Wikipedia explains us the origin of this well known dish. Thus, Copy Paste :
The word ratatouille derives from the Occitan ratatolha and is related to the French ratouiller and tatouiller, expressive forms of the verb touiller, meaning “to stir up”. From the late 18th century, in French, it merely indicated a coarse stew. The modern ratatouille – tomatoes as a foundation for sautéed garlic, onions, zucchini, eggplant, bell peppers, marjoram, fennel and basil, or bay leaf and thyme, or a mix of green herbs like herbes de Provence – does not appear in print until c. 1930.

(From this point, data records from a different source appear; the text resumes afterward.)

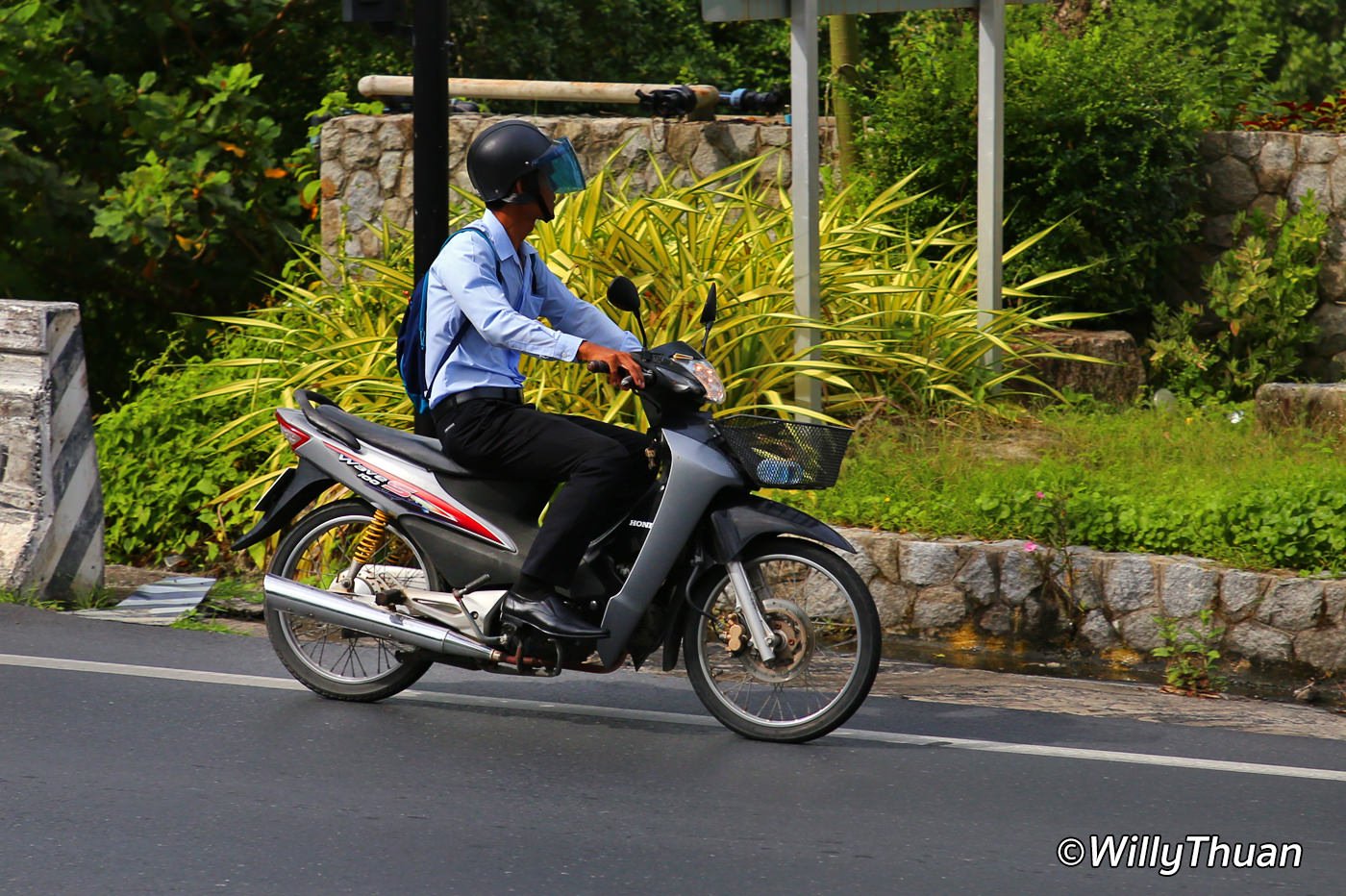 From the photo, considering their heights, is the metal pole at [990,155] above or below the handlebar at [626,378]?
above

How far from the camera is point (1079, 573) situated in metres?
6.92

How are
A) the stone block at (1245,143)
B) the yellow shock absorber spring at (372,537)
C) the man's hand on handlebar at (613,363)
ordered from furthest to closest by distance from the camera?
the stone block at (1245,143) < the yellow shock absorber spring at (372,537) < the man's hand on handlebar at (613,363)

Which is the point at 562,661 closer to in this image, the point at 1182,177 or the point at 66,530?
the point at 66,530

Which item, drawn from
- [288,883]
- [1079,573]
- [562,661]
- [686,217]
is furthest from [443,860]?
[686,217]

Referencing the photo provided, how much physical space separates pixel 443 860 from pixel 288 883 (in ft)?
1.29

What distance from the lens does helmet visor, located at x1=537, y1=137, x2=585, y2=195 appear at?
17.8 ft

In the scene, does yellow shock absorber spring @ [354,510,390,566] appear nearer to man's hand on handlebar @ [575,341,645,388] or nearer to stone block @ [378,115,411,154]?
man's hand on handlebar @ [575,341,645,388]

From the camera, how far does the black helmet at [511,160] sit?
538 cm

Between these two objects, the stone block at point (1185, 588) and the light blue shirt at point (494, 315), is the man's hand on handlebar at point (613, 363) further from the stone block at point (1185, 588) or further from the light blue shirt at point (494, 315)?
the stone block at point (1185, 588)

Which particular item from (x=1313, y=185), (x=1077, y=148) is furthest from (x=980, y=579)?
(x=1313, y=185)

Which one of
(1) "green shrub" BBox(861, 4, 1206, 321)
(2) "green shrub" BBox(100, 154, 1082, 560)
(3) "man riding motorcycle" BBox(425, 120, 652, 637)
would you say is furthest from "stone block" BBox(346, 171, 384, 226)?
(3) "man riding motorcycle" BBox(425, 120, 652, 637)

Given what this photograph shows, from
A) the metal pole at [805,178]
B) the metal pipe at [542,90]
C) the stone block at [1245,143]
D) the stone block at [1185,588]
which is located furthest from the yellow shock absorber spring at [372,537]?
the stone block at [1245,143]

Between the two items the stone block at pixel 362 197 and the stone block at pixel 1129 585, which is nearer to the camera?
the stone block at pixel 1129 585

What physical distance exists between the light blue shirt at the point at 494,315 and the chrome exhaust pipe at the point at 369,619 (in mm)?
725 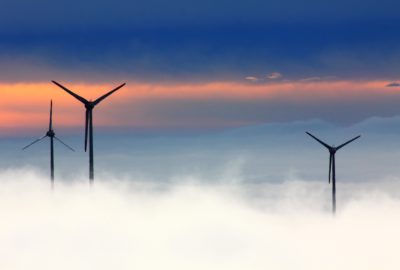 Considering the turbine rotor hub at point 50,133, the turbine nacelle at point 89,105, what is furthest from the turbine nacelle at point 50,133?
the turbine nacelle at point 89,105

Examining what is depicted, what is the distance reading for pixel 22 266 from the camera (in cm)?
19838

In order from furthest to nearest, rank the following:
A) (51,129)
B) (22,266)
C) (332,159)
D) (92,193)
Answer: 1. (22,266)
2. (51,129)
3. (332,159)
4. (92,193)

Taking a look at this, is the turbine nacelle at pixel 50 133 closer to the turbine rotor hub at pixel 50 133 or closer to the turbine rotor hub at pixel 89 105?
the turbine rotor hub at pixel 50 133

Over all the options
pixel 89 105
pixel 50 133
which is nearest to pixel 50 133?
pixel 50 133

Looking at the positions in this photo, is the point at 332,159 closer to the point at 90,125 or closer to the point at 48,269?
the point at 90,125

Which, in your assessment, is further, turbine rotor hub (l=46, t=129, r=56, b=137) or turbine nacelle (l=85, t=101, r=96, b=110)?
turbine rotor hub (l=46, t=129, r=56, b=137)

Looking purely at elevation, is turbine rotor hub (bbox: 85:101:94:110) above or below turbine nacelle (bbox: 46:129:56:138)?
above

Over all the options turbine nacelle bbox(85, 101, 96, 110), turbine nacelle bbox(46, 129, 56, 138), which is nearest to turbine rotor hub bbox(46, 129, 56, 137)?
turbine nacelle bbox(46, 129, 56, 138)

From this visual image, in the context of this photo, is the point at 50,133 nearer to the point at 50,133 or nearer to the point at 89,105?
the point at 50,133

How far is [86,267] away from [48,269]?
764 cm

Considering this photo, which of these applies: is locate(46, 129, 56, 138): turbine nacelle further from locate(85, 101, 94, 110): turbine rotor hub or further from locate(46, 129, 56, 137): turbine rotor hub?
locate(85, 101, 94, 110): turbine rotor hub

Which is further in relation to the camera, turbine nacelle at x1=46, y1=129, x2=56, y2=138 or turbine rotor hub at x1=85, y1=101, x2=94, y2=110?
turbine nacelle at x1=46, y1=129, x2=56, y2=138

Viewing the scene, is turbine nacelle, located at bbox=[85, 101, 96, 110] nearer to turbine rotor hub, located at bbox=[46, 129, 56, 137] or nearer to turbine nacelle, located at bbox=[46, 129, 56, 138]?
turbine nacelle, located at bbox=[46, 129, 56, 138]

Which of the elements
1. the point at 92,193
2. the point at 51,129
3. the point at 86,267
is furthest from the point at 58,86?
the point at 86,267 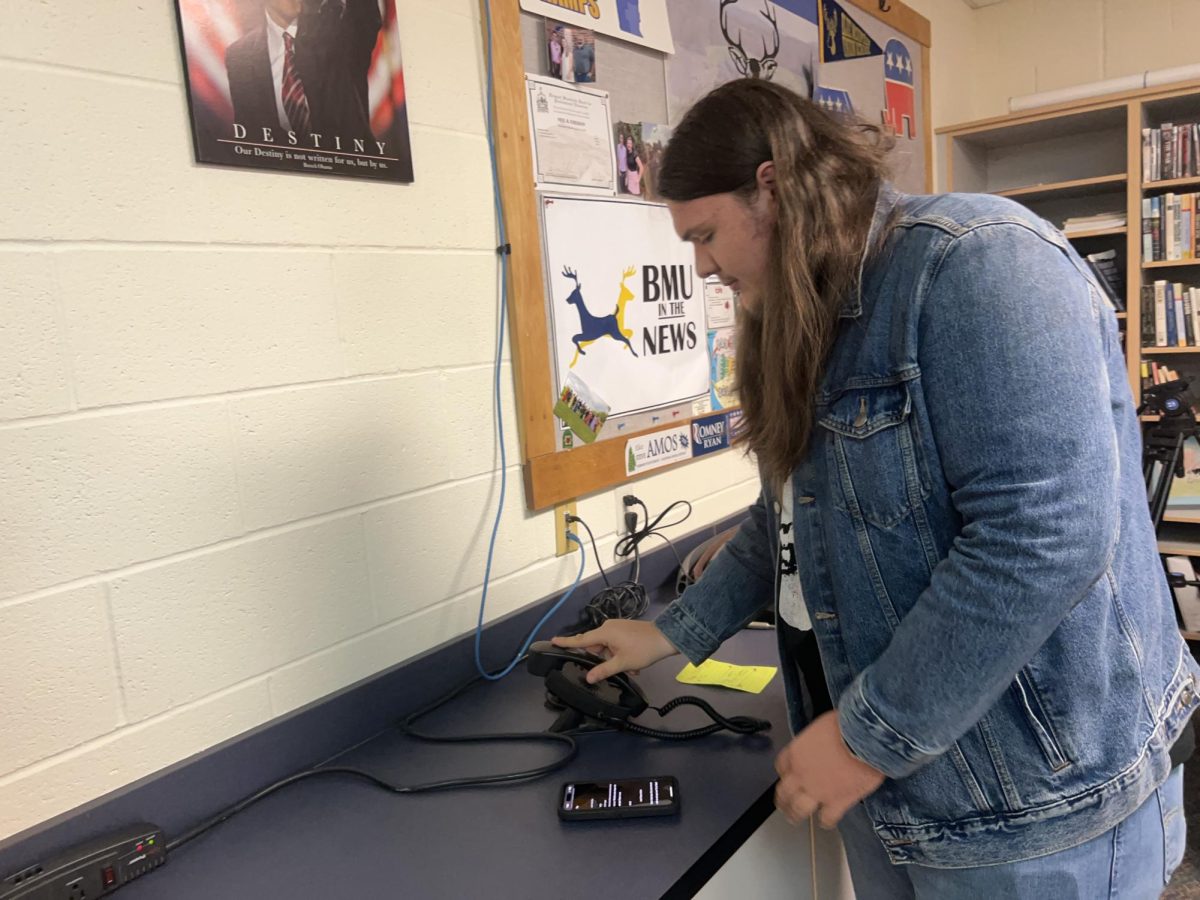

Do I have to add something in view of preparation? Pre-preparation of the eggplant in the oven can be useful. Pre-preparation of the bell peppers in the oven can be helpful to remove the skin (easier to digest for certain people). For 2p : 4 garlic cloves, 1 red onion, 1 bell pepper, 2 courgettes, 1 eggplant, 2 tomatoes of 1 small can of passata, 1 spicy little pepper, 1 teaspoon of dried basil, 1 teaspoon of dried oregan, 1 teaspoon of dried thyme, 1 bay leaf ,( and I love to add 1 teaspoon of cumin seeds) is a complete dish all together with oven baked chicken and some rice or couscous.